Los puesteros hacían lo que querían y para tener más campo para las majadas y no tener que repuntar, corrían las vacas y las hacían enflaquecer. Las ovejas, por su lado abandonadas a su suerte perdían los corderos entre las pajas y se carcomían de sarna.
Uno quemaba campo a su antojo para ver más lejos la majada, y, con esto, dejaban sin pasto por dos meses la hacienda vacuna. Los cuatreros, por su lado, no dejaban de hacer de las suyas a troche y moche, sin que nadie les dijera nada. En la estancia se había roto una pieza de la segadora; el mayordomo la pidió a Buenos Aires, pero, como no viniera, en vez de insistir, dejó perderse el pasto; y todo el invierno pasaron hambre los animales finos y los caballos. Y así de todo, con esa gente tan voraz como incapaz de producir.

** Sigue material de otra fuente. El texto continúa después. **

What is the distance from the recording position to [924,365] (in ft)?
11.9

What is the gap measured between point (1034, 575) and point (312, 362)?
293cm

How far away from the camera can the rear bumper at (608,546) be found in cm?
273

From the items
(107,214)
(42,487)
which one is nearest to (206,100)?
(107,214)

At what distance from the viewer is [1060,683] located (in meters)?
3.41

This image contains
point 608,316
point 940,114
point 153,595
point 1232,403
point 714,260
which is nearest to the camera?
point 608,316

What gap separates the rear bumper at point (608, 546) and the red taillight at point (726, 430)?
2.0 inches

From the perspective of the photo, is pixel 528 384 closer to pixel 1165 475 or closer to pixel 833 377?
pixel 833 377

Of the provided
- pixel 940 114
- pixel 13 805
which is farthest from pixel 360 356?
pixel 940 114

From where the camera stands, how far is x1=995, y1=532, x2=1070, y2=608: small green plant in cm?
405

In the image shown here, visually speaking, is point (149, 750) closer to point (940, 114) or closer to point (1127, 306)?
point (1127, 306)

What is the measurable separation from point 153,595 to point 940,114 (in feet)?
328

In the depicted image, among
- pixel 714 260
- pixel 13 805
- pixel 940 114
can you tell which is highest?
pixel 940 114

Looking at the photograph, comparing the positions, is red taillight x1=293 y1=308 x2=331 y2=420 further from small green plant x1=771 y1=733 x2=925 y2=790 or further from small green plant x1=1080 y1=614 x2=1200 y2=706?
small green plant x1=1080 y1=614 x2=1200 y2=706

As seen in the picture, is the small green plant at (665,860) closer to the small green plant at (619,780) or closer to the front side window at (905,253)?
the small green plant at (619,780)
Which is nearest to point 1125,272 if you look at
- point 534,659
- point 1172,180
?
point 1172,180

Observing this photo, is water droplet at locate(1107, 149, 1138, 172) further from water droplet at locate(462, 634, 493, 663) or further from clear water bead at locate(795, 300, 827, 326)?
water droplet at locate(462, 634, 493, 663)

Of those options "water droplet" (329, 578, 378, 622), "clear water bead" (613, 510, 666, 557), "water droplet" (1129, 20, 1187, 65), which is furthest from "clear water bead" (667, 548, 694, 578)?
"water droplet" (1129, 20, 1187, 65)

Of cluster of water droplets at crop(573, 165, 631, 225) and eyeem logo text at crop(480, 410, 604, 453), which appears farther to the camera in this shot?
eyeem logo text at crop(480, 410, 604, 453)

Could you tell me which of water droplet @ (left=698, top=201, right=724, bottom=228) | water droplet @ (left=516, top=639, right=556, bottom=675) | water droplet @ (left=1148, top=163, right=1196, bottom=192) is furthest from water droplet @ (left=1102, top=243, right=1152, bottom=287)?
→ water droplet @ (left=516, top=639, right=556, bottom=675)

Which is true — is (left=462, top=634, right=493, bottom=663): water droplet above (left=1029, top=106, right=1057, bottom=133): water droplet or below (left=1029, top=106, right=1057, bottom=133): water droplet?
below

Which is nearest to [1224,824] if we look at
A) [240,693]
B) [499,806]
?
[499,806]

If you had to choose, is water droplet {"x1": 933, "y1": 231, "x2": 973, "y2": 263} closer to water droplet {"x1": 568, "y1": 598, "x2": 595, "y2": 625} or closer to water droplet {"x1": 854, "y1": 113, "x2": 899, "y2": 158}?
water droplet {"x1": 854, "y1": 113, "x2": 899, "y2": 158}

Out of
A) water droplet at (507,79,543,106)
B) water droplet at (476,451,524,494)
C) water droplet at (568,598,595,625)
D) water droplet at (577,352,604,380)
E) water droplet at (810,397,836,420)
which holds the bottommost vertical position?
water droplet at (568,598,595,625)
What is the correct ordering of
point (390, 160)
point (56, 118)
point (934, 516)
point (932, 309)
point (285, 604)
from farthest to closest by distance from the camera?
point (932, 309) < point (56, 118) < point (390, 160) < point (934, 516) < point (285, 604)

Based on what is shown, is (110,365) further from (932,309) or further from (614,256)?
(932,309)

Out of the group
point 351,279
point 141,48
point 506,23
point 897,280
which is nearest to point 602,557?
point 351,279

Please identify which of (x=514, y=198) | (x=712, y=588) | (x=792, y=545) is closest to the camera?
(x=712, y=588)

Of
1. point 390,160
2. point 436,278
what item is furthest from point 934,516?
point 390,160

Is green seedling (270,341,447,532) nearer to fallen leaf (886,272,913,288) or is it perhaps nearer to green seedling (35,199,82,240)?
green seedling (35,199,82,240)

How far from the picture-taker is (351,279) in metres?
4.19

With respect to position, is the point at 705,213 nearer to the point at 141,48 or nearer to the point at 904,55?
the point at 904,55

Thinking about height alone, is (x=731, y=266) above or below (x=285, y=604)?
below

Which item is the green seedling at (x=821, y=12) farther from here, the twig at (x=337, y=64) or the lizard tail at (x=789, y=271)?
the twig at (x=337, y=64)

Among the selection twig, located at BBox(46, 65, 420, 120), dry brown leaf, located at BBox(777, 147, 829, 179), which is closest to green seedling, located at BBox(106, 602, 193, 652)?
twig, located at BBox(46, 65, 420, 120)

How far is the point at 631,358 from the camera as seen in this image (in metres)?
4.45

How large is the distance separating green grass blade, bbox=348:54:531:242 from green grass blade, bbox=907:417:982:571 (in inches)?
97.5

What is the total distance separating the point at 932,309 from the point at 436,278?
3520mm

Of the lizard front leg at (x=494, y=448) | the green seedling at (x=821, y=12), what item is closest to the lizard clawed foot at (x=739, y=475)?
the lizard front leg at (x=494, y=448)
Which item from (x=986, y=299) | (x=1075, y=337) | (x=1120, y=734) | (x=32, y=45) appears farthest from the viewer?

Don Salvador volvió a manejar las cosas como antes lo había hecho, y en muy pocos días se empezó todo a componer; cada cual hizo lo que tenía que hacer y lo hizo como debía; los animales, bien atendidos, no tardaron en reponerse y en dar todo el producto que de ellos esperaba el amo; los alambrados, bien compuestos, no dejaron ya pasar intrusos y no hubo más quemazones intempestivas; cada majada con su pastor, cada pastor con su majada, y volvieron a lograrse las pariciones; las vacas, repartidas en los potreros juiciosamente aprovechados, engordaron a ojos vistas, y el resultado de todo esto fue que, al año, había recuperado don Salvador todo lo perdido. Reinaba otra vez el orden en todo y la abundancia en la casa, todo había vuelto a crecer, a aumentar, a producir, a engordar, a valer; y una vez más se pudo comprobar que, si en la Pampa, lo mismo que en cualquier parte, hace milagros el ojo del amo, sin él nada se consigue, ni en la misma Pampa, por hacedora de milagros que sea.